How does the government regulate and prioritise gas allocation during shortages?

  • Supply regulation powers: Facing the Hormuz-led shortfall, the government invoked supply-regulation powers (linked to the Essential Commodities Act) to divert scarce natural gas to priority sectors. The framework prioritises segments that touch ordinary consumers directly.

  • The priority order: Piped Natural Gas (PNG) for households, Compressed Natural Gas (CNG) for vehicles and LPG production are placed ahead of other users. Gas-based power, being a discretionary and price-sensitive consumer, ranks lower, which is why its available capacity has shrunk even as demand for evening balancing rises.

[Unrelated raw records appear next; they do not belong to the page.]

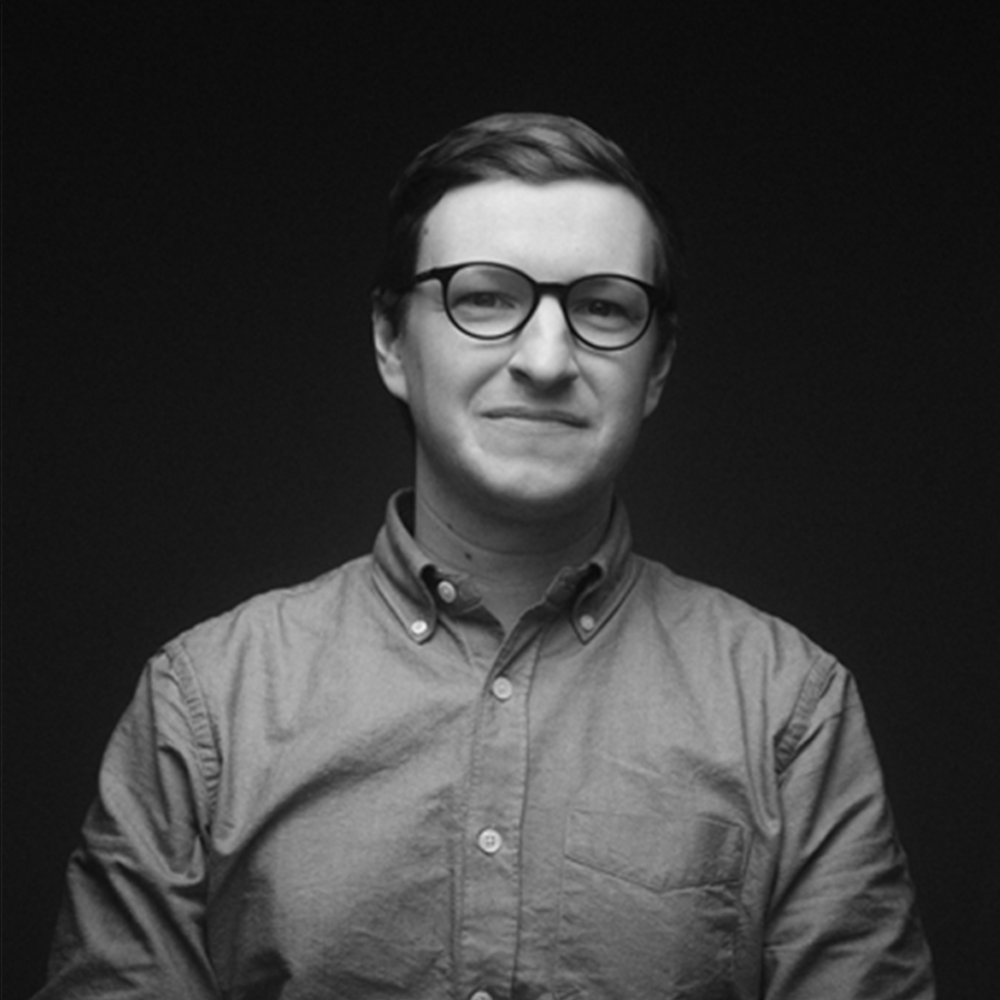 Portrait of Mitch Williams with a lightning-bolt silhouette behind him.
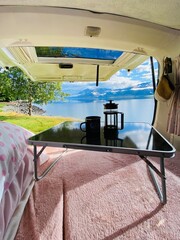 Coffee cup and coffee plunger on the table in the campervan with beautiful views of lake and blue sky at the background 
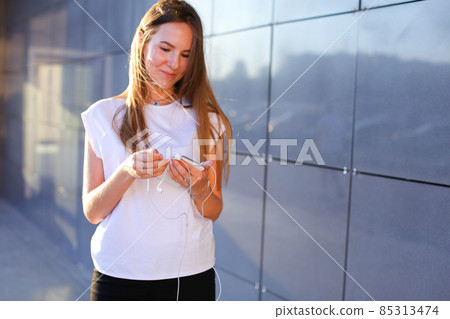 One young female woman unravels headphones for listening to music, talk on Skype, holds in hands phone, smiles and stands near wall of business center. One young female woman unravels headphones for listening to music, talk on Skype, holds in hands phone, smiles and stands near wall of business center. 85313474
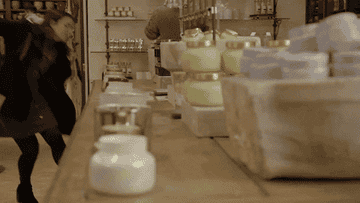 a gif of an actress from broad city smelling a row of candles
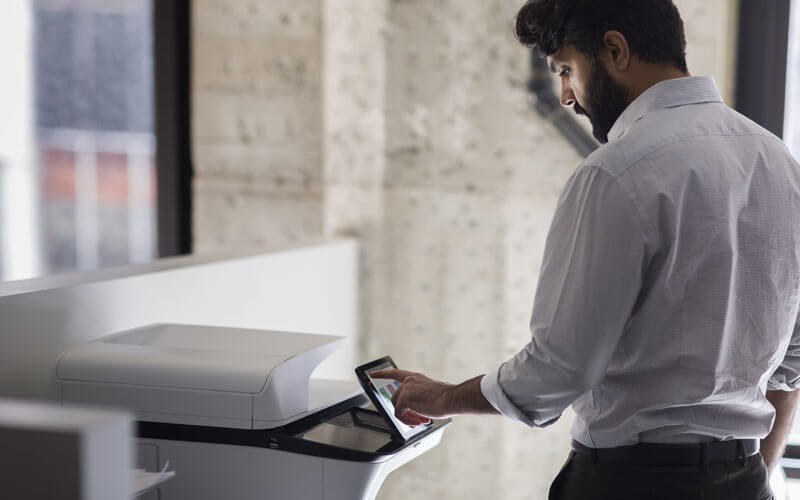 Man using the touch-screen of a HP printer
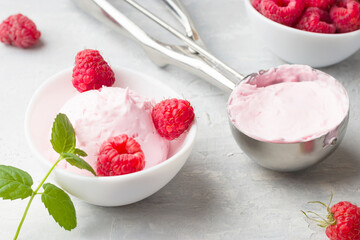 Delicious and romantic dessert. A ball of homemade raspberry walrus with fresh raspberries and mint...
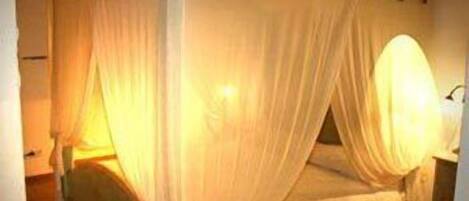 Una cama individual con dosel, una mesita de noche y una lámpara fijada a la pared.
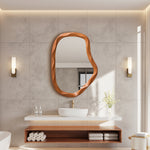 Modern bathroom featuring an asymmetrical wall mirror with a wood frame above a white sink.
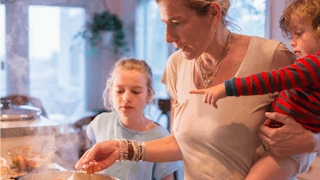 Mother holding her child while cooking in the kitchen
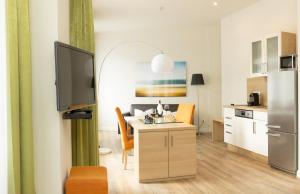 Kuchyň nebo kuchyňský kout v ubytování Apartmenthotel Kaiser Karl
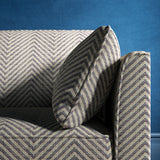 Sofa upholstered in a navy herringbone weave upholstery fabric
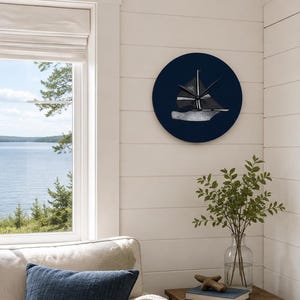 May include: A circular wall clock featuring a dark navy blue background with a stylized illustration of a sailboat in shades of gray and white. The clock has black hands positioned in the center of the boat graphic, mounted on a white wall.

  • The squeeze on power: This allocation logic, combined with high spot prices, explains the paradox of summer 2026 — the grid needs more gas-based power exactly when affordable gas for power is hardest to secure.

What is India's natural gas strategy, and why does this episode matter for energy security?

  • The gas-based economy goal: India aims to raise the share of natural gas in its primary energy mix from about 6–6.5% to 15% by 2030, positioning gas as a cleaner "bridge fuel" between coal and renewables. Supporting steps include expanding the National Gas Grid, scaling up the City Gas Distribution (CGD) network and adding LNG terminals.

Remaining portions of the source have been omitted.